GIVEN DATA:
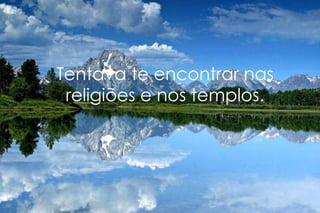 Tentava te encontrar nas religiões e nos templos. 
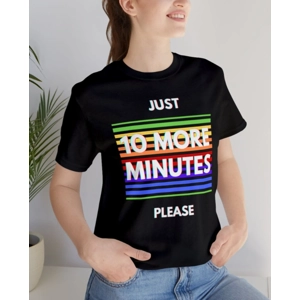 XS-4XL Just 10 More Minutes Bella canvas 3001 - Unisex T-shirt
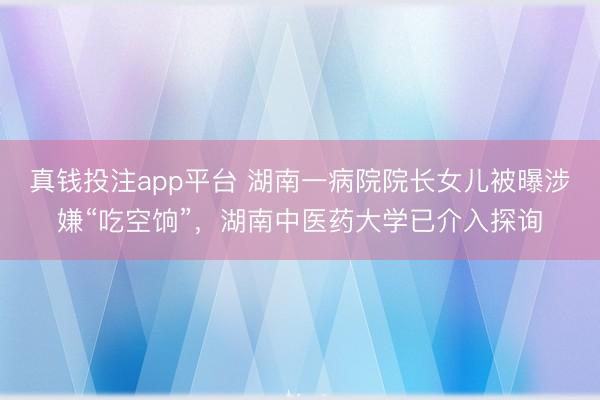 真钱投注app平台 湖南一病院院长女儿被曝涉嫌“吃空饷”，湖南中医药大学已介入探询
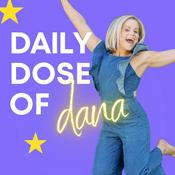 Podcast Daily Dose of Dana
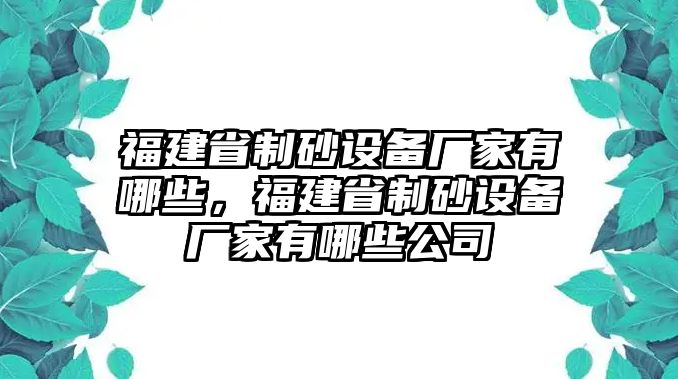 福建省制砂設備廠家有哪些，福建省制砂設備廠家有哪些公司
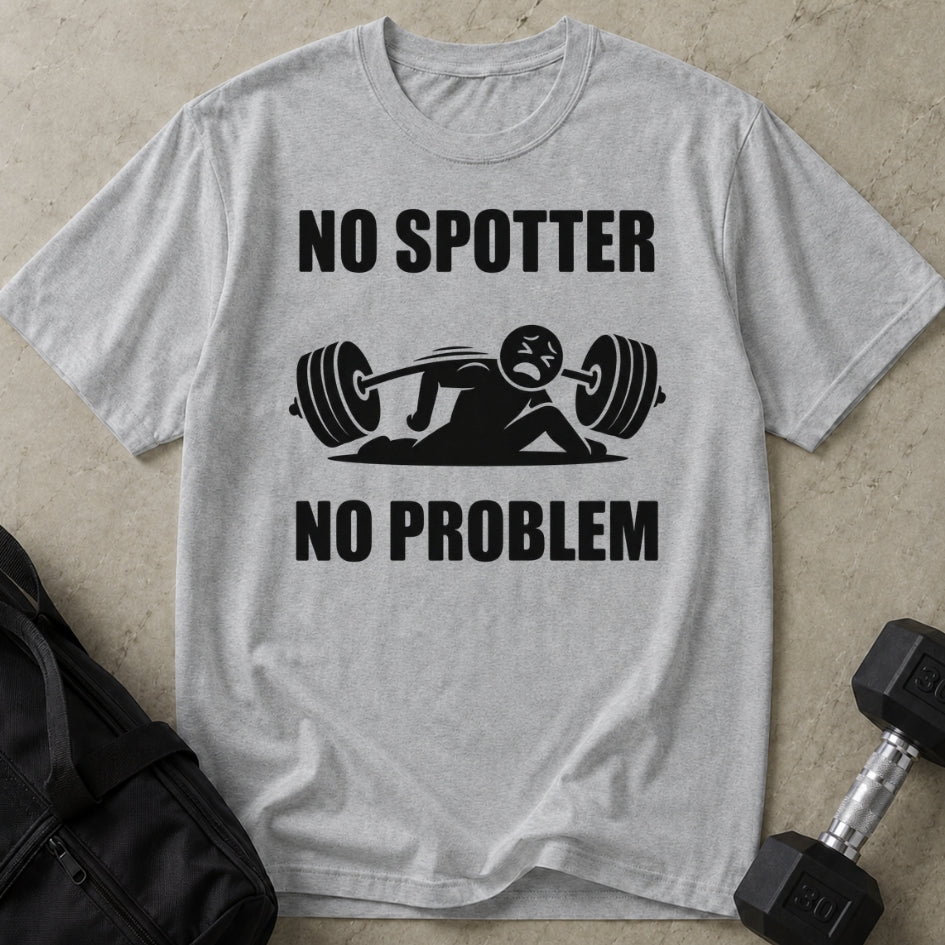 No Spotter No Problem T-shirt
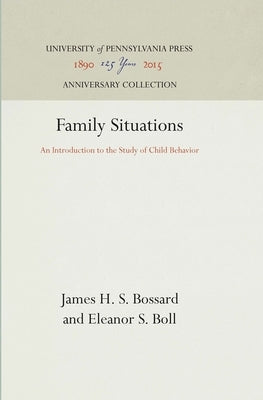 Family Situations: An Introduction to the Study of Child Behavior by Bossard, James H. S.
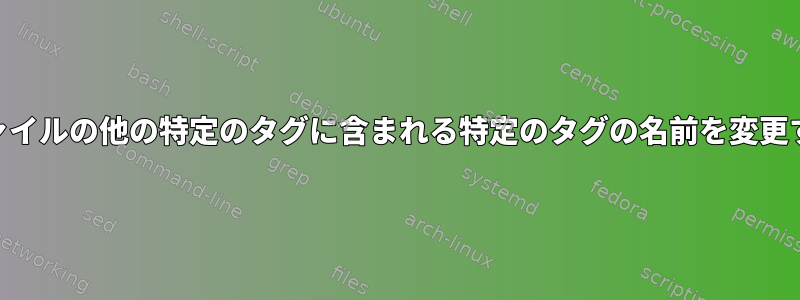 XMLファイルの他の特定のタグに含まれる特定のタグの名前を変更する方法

BRIEF: Give back all of the data exactly, but not the pictures.

RESPONSE:
 Tentava te encontrar nas religiões e nos templos. 
 XS-4XL Just 10 More Minutes Bella canvas 3001 - Unisex T-shirt
 真钱投注app平台 湖南一病院院长女儿被曝涉嫌“吃空饷”，湖南中医药大学已介入探询
 Podcast Daily Dose of Dana
 福建省制砂設備廠家有哪些，福建省制砂設備廠家有哪些公司
 No Spotter No Problem T-shirt
 Family Situations: An Introduction to the Study of Child Behavior by Bossard, James H. S.
 XMLファイルの他の特定のタグに含まれる特定のタグの名前を変更する方法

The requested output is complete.